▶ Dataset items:
******
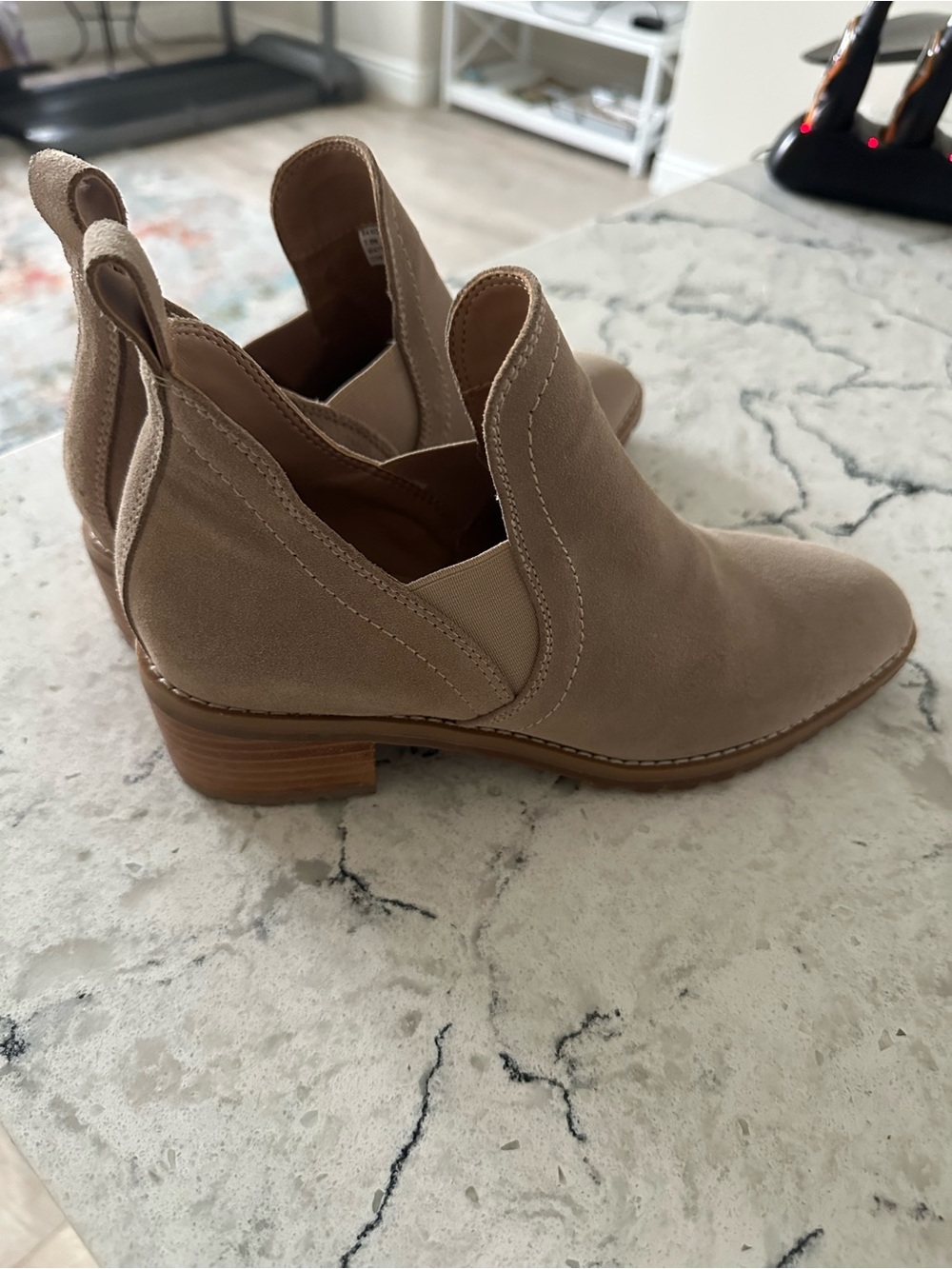 Blondo Sandra Waterproof Bootie Waterproof Suede Ankle Boots Brown US 7.5 Med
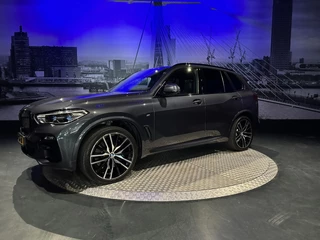BMW X5 – thumbnail 1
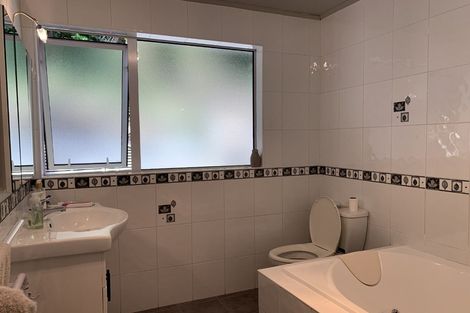 Photo of property in 14 Manor Drive, Stokes Valley, Lower Hutt, 5019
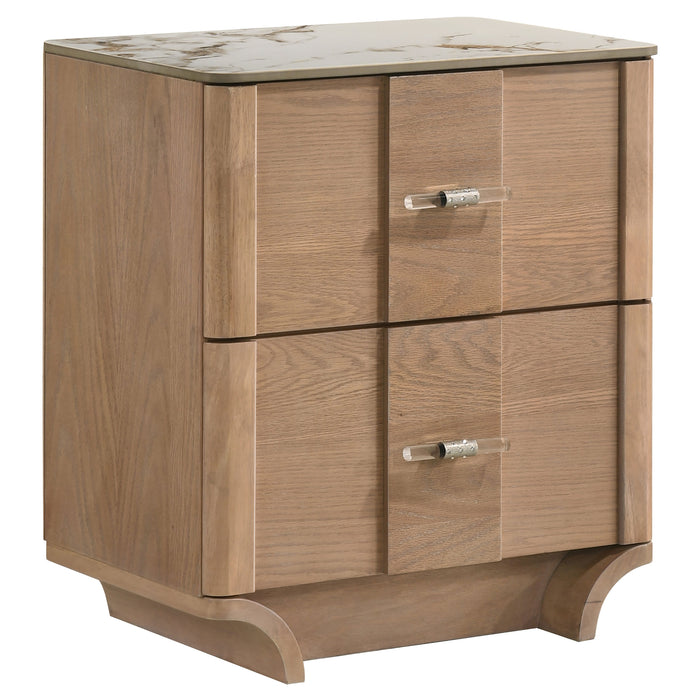 Leanne 5-piece Eastern King Bedroom Set Light Oak
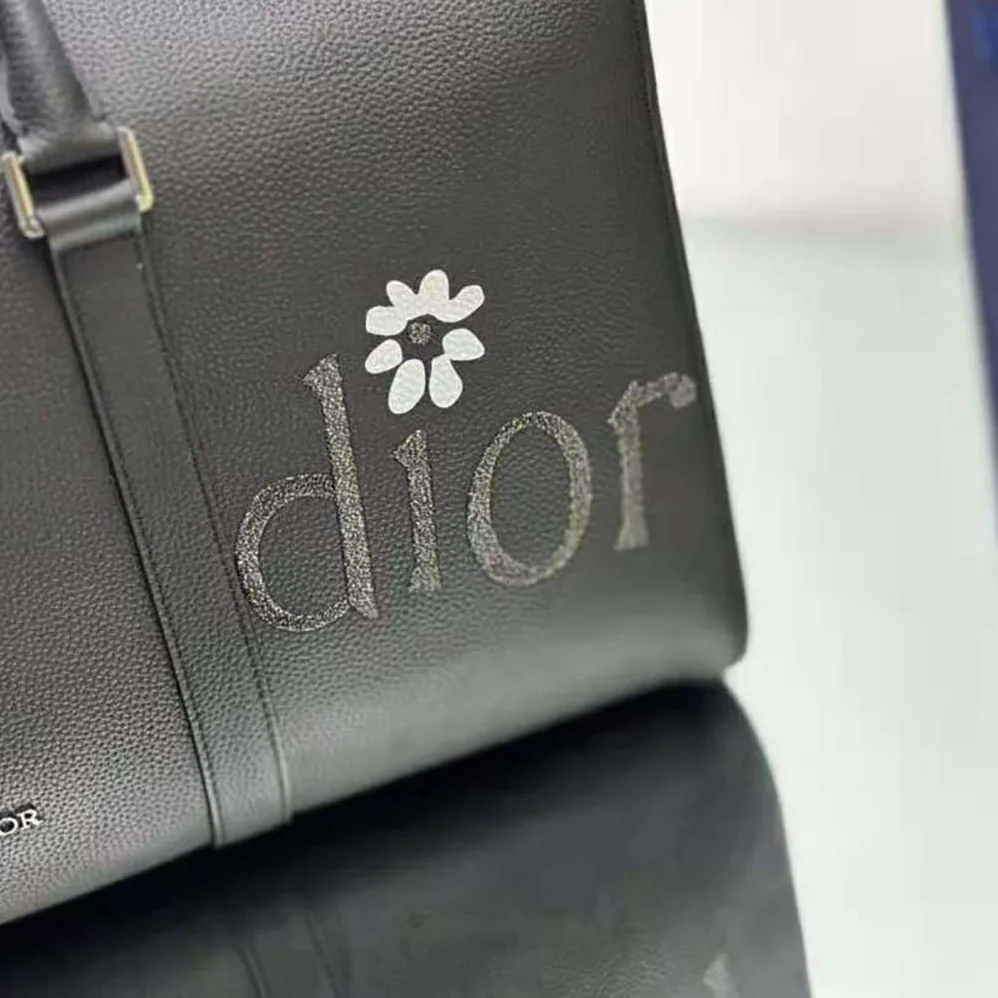 Dior By Erl Dior Lingot 50 Bag Black Grained Calfskin for Men Dior By Erl Dior Lingot 50 Bag Black Grained Calfskin for Men
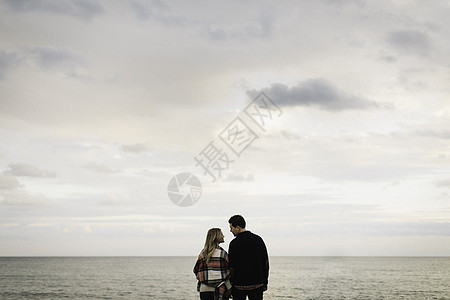 年轻夫妇户外海边后视图片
******
▶ TASK GOAL: What is needed is an exact copy of the data, without any pictures.

▶ TASK RESPONSE:
 Blondo Sandra Waterproof Bootie Waterproof Suede Ankle Boots Brown US 7.5 Med
BMW X5 – thumbnail 1
 Photo of property in 14 Manor Drive, Stokes Valley, Lower Hutt, 5019
 Leanne 5-piece Eastern King Bedroom Set Light Oak
 Dior By Erl Dior Lingot 50 Bag Black Grained Calfskin for Men Dior By Erl Dior Lingot 50 Bag Black Grained Calfskin for Men
 年轻夫妇户外海边后视图片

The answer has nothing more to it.